Mark Marsolais-Nahwegahbow, an Ojibwe entrepreneur and band member of the Whitefish River First Nation on Manitoulin Island, is the founder of Birch Bark Coffee Co. For every 40 bags of coffee the company sells, Birch Bark will purchase and install a water purifier in an Indigenous community facing a boil water advisory.
Safe access to drinking water is a well-documented and widespread problem affecting Canada’s Indigenous populations. There were 81 long-term water advisories in communities across the country as of March, according to the Assembly of First Nations.
As Marsolais-Nahwegahbow was setting out to build a company, designing coffee labels inspired by Canada’s Inuit, Metis and First Nations peoples, he was also in search of a way to give back. After meeting a friend who built water purifiers for the Red Cross, he says Birch Bark’s purpose came into focus.
“Once I had that all put together, it completed the circle,” he says.
Though the company has only been in operation for a little over a month, Birch Bark has funded the installation of 25 water purifiers to date. Marsolais-Nahwegahbow says he’s starting with the Curve Lake First Nation community near Peterborough, ON.
There are as many as 700 homes at Curve Lake currently living off plastic water bottles. The waste from these short-term solutions is ending up in landfills, a side-effect Marsolais-Nahwegahbow believes his company’s mission will also help to reduce.

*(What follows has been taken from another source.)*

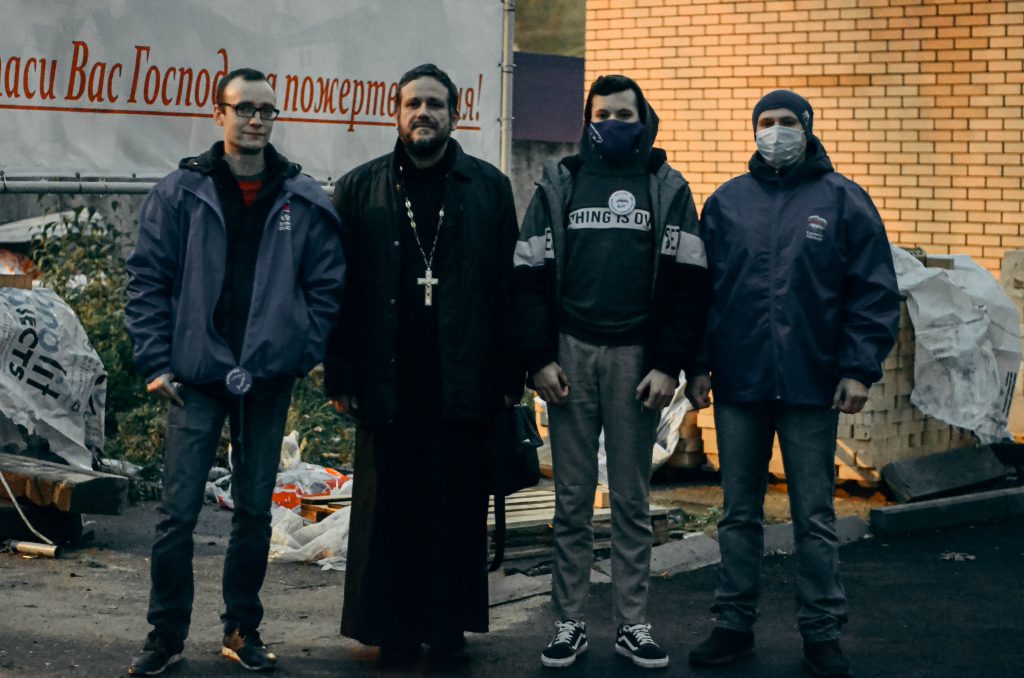 Волонтеры Южного округа передали материалы для строительства воскресной школы. Фото предоставили сотрудники пресс-службы ЮАО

“The water advisories should’ve been mended decades ago,” he says. “I’ll work my way across Ontario, and then I’ll work my way across Canada until it’s completed.”
Spreading the message
Marsolais-Nahwegahbow is one of three Indigenous entrepreneurs being highlighted by Ottawa’s Shopify at an event next week. A digital exhibit on the first floor of Shopify’s 150 Elgin St. headquarters will display the stories of Indigenous merchants using the e-commerce giant’s platforms to build their businesses.
Dave D’Oyen, Shopify’s inclusion and innovation builder, says the firm’s goal is always to put the spotlight on its merchants and felt National Indigenous History Month was a chance to shine a light on Indigenous-led businesses.

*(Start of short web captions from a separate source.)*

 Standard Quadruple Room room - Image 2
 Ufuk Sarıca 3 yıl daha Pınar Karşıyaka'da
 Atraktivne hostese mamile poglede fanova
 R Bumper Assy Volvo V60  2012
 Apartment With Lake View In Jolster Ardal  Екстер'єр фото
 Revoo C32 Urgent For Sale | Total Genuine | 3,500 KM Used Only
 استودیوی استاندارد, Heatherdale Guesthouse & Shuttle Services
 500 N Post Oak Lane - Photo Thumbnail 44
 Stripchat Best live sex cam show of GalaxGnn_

“We thought this was a great opportunity to help our merchants tell their stories,” he says.
Marsolais-Nahwegahbow credits Shopify with helping make his company, and by extension, his cause, possible.
“I have to shake their hand on this because if it weren’t for them, I don’t believe I would have the opportunity to reach out to so many people on this platform,” he says. The First Nations founder even met recently with Shopify CEO Tobi Lütke and chief operating officer Harley Finkelstein, offering the two entrepreneurs a traditional sweet grass gift.
Marsolais-Nahwegahbow says the reach of Shopify’s platform has helped him be more visible as an Indigenous entrepreneur. He says it’s critical to give youth in communities affected by water advisories an example to show that “there are First Nations entrepreneurs out there.”
“As entrepreneurs, there is always going to be road blocks, but … I won’t let anything stop me going forward. We can actually correct these problems in our communities,” he says.
“We’re storytellers. Even myself, as a First Nations entrepreneur, we’re visionaries. I want my story with Birch Bark Coffee to end with a happy ending and put smiles on community's faces.”
Shopify’s exhibit highlighting Indigenous merchants will launch to the public on Monday, June 18 from 5:30 p.m. to 8:00 p.m.
Afterwards, it’ll be free to view everyday for the next four weeks from 7:45 a.m. to 8:45 a.m., from 11:30 a.m. to 12:15 p.m., and from 2:15 p.m. to 3:00 p.m.